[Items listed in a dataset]

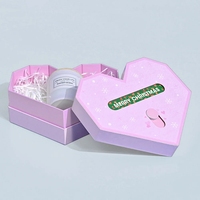 Caja de Regalo Magnética Portátil Vacía, Rígida, con Forma de Corazón Oriental, de Materiales Reciclados, con Laminación Brillante Navideña de Chocolate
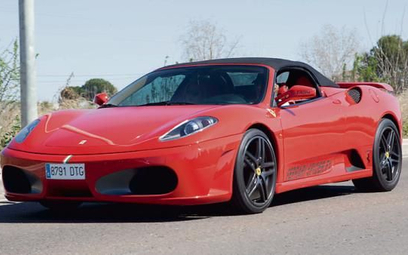 Ferrari F430 spider to jedno z aut chętnie kupowanych przez pasjonatów motoryzacji.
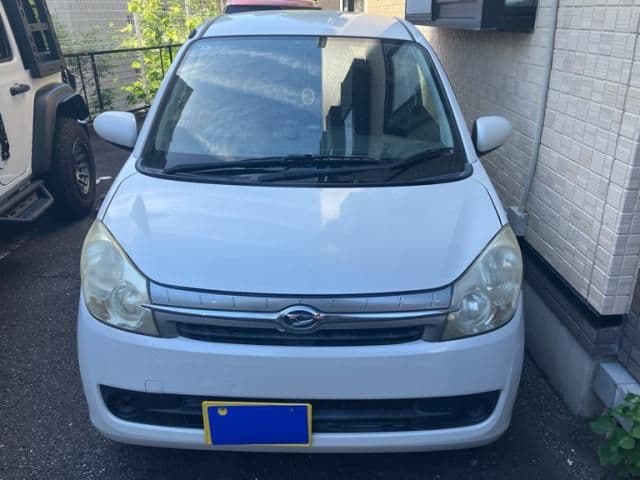 Car image 1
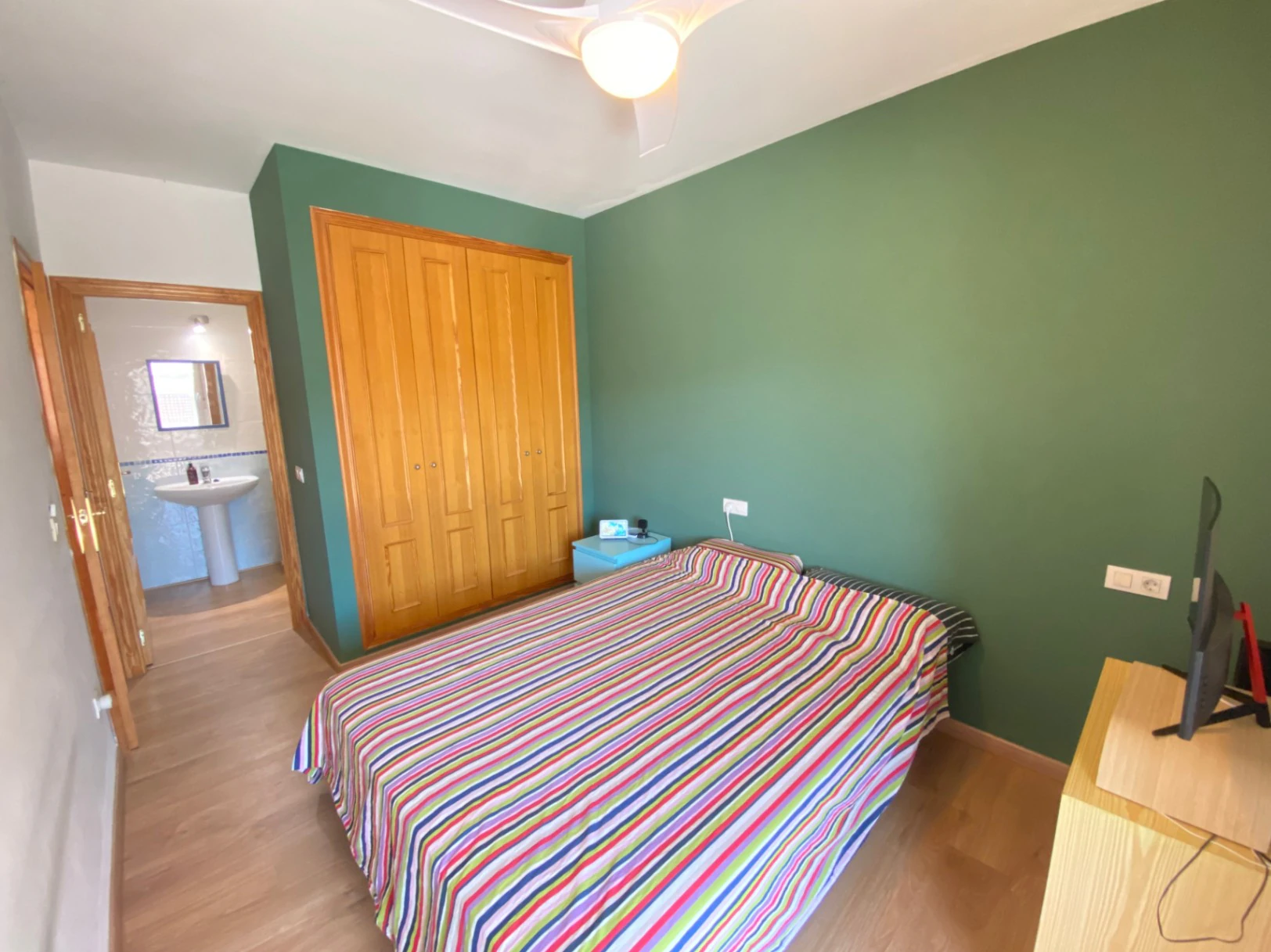 Penthouse apartment for sale in Jalon: Quiet location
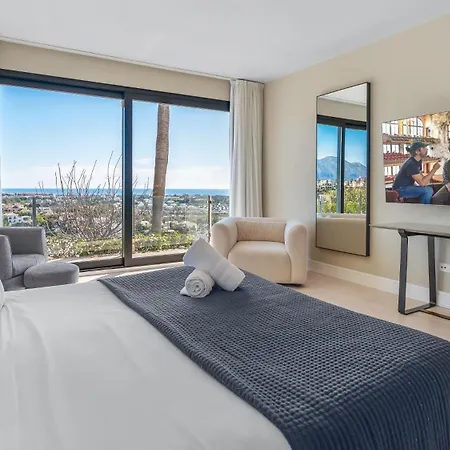Vacation Marbella I Paraiso The View, 6 Bdr, Modern Villa, Infinity Heated Pool, Gated Community, Cinema Room, Sea View, Golf Courses فيلة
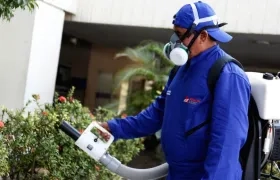 Labores de fumigación en el Cari E.S.E.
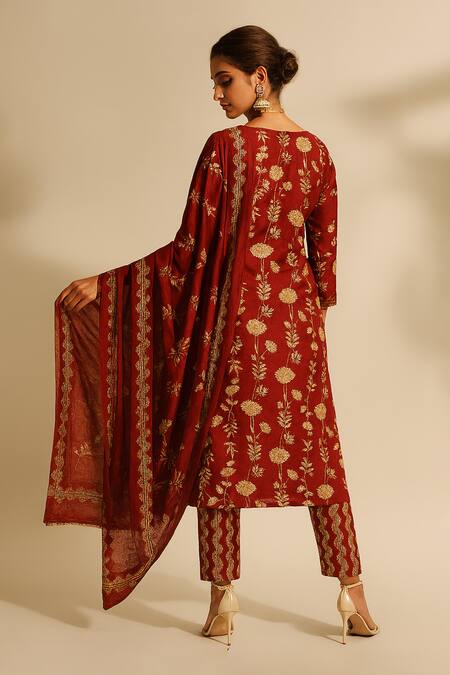 Shop Thee Modern Roots Maroon Cotton, Cambric Embroidery Round Neck Floral Print Kurta Set Online at Aza Fashions Shop_Thee Modern Roots_Maroon Cotton, Cambric Embroidery Round Neck Floral Print Kurta Set _Online_at_Aza_Fashions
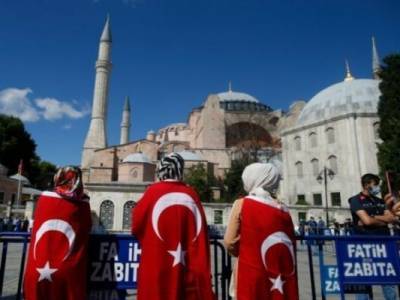 СМИ: Безрассудные шаги привели к разрушительной эпидситуации в Турции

§ **WHAT TO DO**: Copy the records above from the first line through the line containing "Labores de fumigación en el Cari E.S.E.", both included, and leave out any pictures.

§ **RESPONSE BELOW**:
 Caja de Regalo Magnética Portátil Vacía, Rígida, con Forma de Corazón Oriental, de Materiales Reciclados, con Laminación Brillante Navideña de Chocolate
 Ferrari F430 spider to jedno z aut chętnie kupowanych przez pasjonatów motoryzacji.
 Car image 1
 Penthouse apartment for sale in Jalon: Quiet location
Vacation Marbella I Paraiso The View, 6 Bdr, Modern Villa, Infinity Heated Pool, Gated Community, Cinema Room, Sea View, Golf Courses فيلة
 Labores de fumigación en el Cari E.S.E.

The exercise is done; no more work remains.